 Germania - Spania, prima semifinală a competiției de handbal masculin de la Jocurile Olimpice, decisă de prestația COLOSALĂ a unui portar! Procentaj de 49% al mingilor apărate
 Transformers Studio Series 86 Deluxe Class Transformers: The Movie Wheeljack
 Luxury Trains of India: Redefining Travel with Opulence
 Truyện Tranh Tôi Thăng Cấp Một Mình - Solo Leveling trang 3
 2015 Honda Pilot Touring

_ _ _

Down to the final line, the data above must be copied exactly.

- EXERCISE RESPONSE:
 Germania - Spania, prima semifinală a competiției de handbal masculin de la Jocurile Olimpice, decisă de prestația COLOSALĂ a unui portar! Procentaj de 49% al mingilor apărate
 Transformers Studio Series 86 Deluxe Class Transformers: The Movie Wheeljack
 Luxury Trains of India: Redefining Travel with Opulence
 Truyện Tranh Tôi Thăng Cấp Một Mình - Solo Leveling trang 3
 2015 Honda Pilot Touring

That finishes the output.